This is one of the unfortunate realities of GLSL. It would be great if we could do an offline compile and send in bytecode, or if we had the ability to specify flags at compile time or so on, but that's just not how the spec works. You are entirely at the mercy of the driver manufacturer. If NVIDIA/ATI thinks loop unrolling is good for you, your loop is gonna get unrolled.
I do question what it is that you are doing that requires so much looping, though. Shaders are not really the right place to be doing super complex looping or branching calculations. You'll certainly take a performance hit for it. If you're not worried about realtime performance, then perhaps a large compile hit at the start of your program isn't so bad. If you are concerned about the rendering speed of your app then you likely need to re-evaluate your shaders complexity.
You mention the shader taking more than a minute to compile a loop with a maximum of only about 100 iterations, and this makes me think your problem could be related to ANGLE.

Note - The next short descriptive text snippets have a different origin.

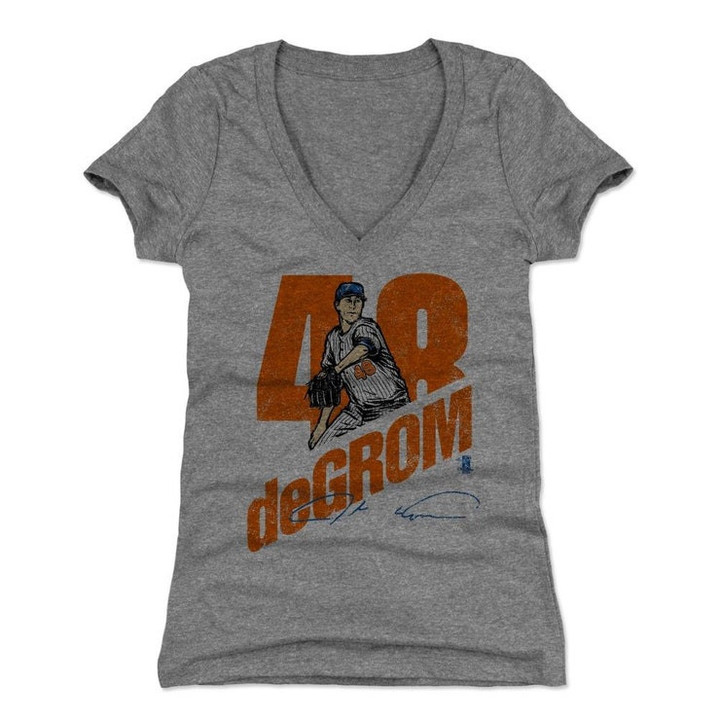 Jacob deGrom Womens V Neck T Shirt   New York M Baseball Jacob deGrom Cut O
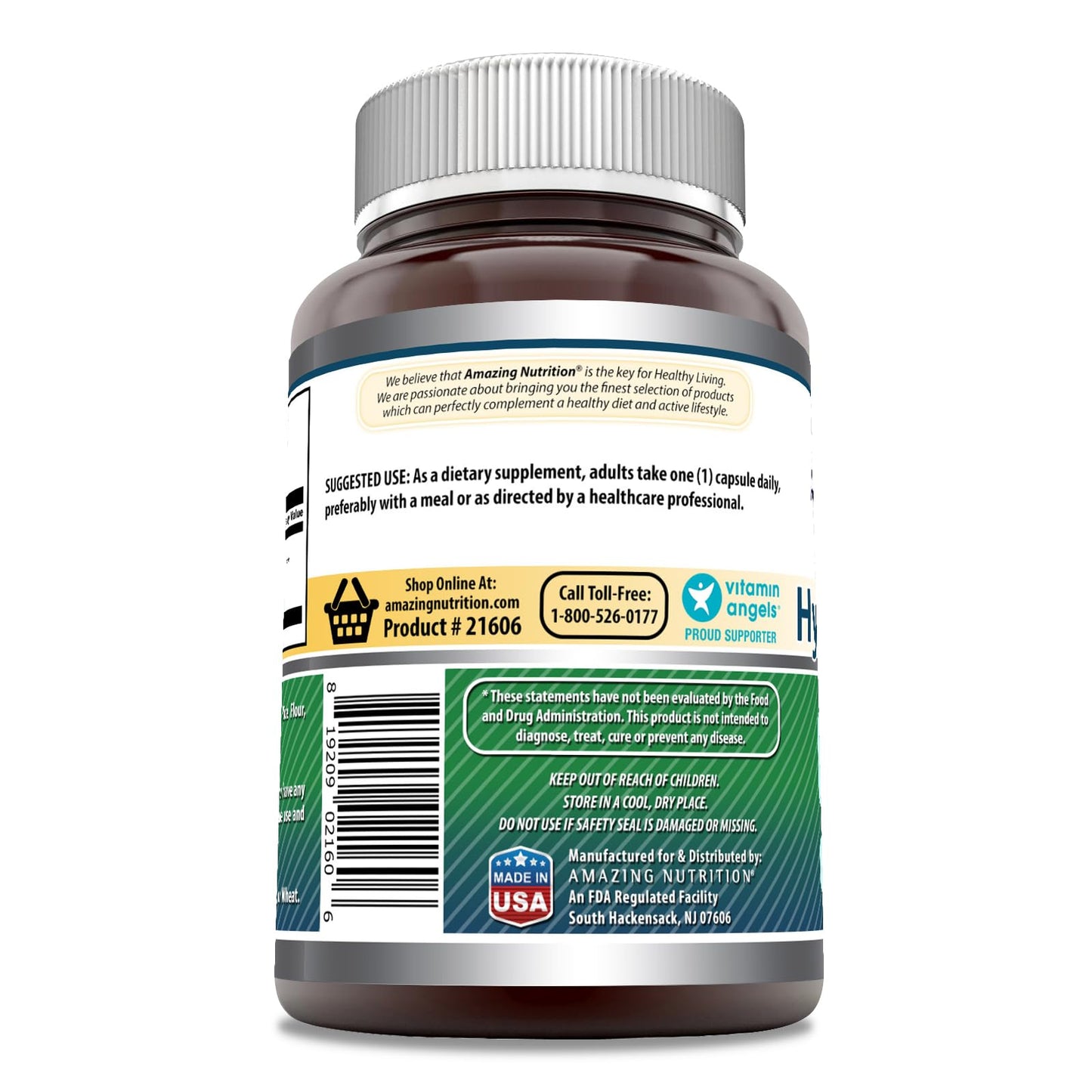 Amazing Formulas Hyaluronic Acid 100mg – 250 Capsules | Non-GMO, Gluten Free, Made in USA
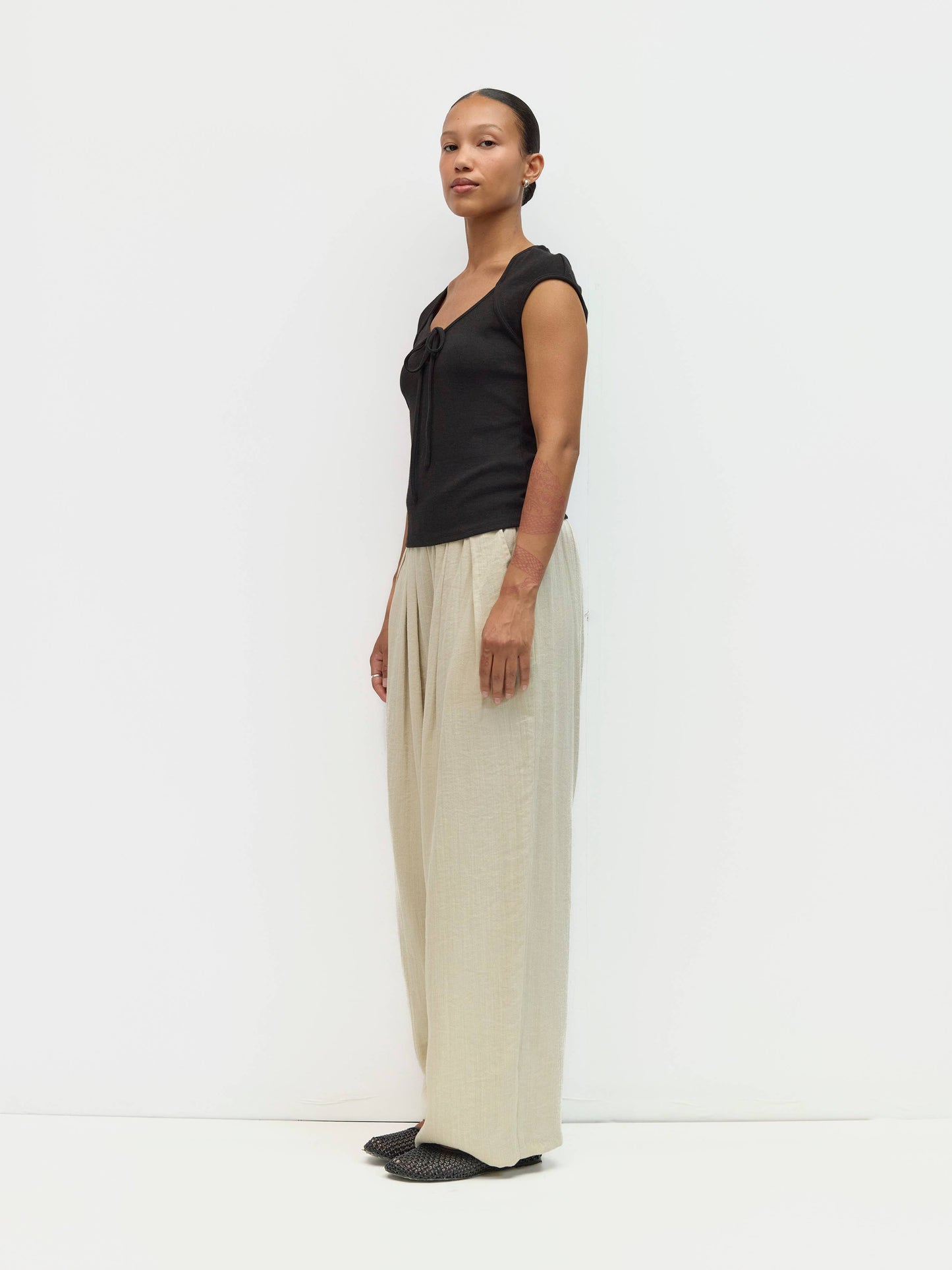 Black Knit Keyhole Tie Top
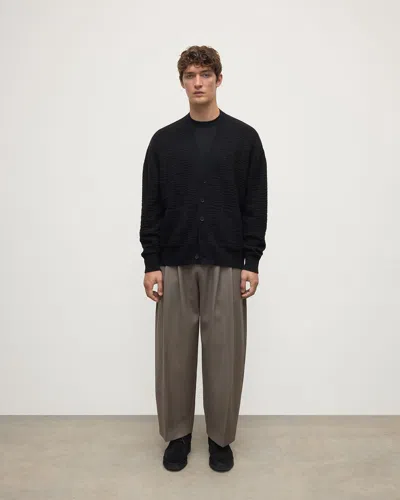 Johnstons Of Elgin Plaited Texture Black Cashmere Cardigan
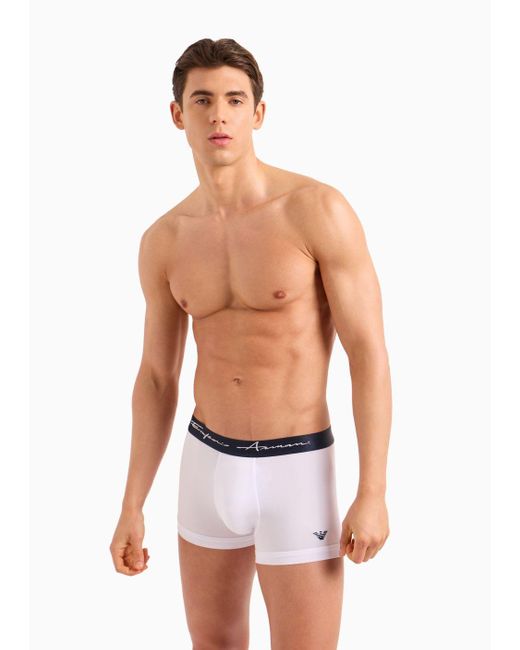 Emporio Armani Eng Anliegende Boxershorts Aus Weichem Modal Mit Logo-schriftzug in White für Herren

ANGLE is a piece of software embedded in WebGL-capable browsers on the Windows OS, that takes your GLSL shader and translates it at runtime into a Direct3D HLSL shader. The thinking is that most Windows machines have newer Direct3D drivers compared to their OpenGL drivers, so the default behavior is to convert everything to D3D. In my experience this can be slow, particularly with long loops as you describe, although it's needed by many Windows users, particularly ones with Intel-based graphics.
If you're running Windows and you have good-quality OpenGL drivers, such as reasonably new ones from nVidia or AMD, you can try disabling ANGLE to see if it fixes your problem. On Google Chrome this is done by editing your Chrome icon to add --use-gl=desktop as a command-line parameter (in the 'target' field of the icon) and restart the browser. For Firefox, you can visit about:config and type webgl into the search box, and look for webgl.prefer-native-gl and set that to true.
Try your shader again with ANGLE disabled, and compile times may be improved. Keep in mind this is only a Windows issue, so editing these settings on other platforms has no effect, but I believe all other platforms all use native OpenGL directly.
Sadly AMD might not support this, but I think NVidia has a nice pragma unroll directive. For people who are having the opposite problem, you'd invoke it as "#pragma optionNV (unroll all)" in GLSL, but I think the following will prevent unrolling. I quote DenisR's 2008 post on the NVidia forums:
By default, the compiler unrolls small loops with a known trip count. The #pragma unroll directive however can be used to control unrolling of any given loop. It must be placed immediately before the loop and only applies to that loop. It is optionally followed by a number that specifies how many times the loop must be unrolled.
For example, in this code sample:
#pragma unroll 5
for (int i = 0; i < n; ++i)
the loop will be unrolled 5 times. It is up to the programmer to make sure that unrolling will not affect the correctness of the program (which it might, in the above example, if n is smaller than 5).
#pragma unroll 1
will prevent the compiler from ever unrolling a loop.
If no number is specified after #pragma unroll, the loop is completely unrolled if its trip count is constant, otherwise it is not unrolled at all.
So I would imagine that
#pragma optionNV (unroll 1)
MIGHT work in GLSL (and WebGL?). (For example, StackOverflow question selective-nvidia-pragma-optionnvunroll-all seems to imply this may work in GLSL, at least under some platforms.)
There seems to be an implication that in recent years, AMD might support an unrolling pragma (maybe not in GLSL though), but I'm not familiar and haven't tried it: unroll loops in an AMD OpenCL kernel
( If using GLSL via WebGL in Chrome/Firefox, or even other scenarios, keep in mind that GLSL compilation may be piped through ANGLE, which might render to an HLSL backend on Windows, maybe. I have a very limited understanding of this and don't wish to spread information, so definitely don't quote that; I just felt it was necessary to share what information I had gathered on this problem so far, and will gladly edit this answer (or people should feel free to edit this answer) as more confirmed information becomes available. )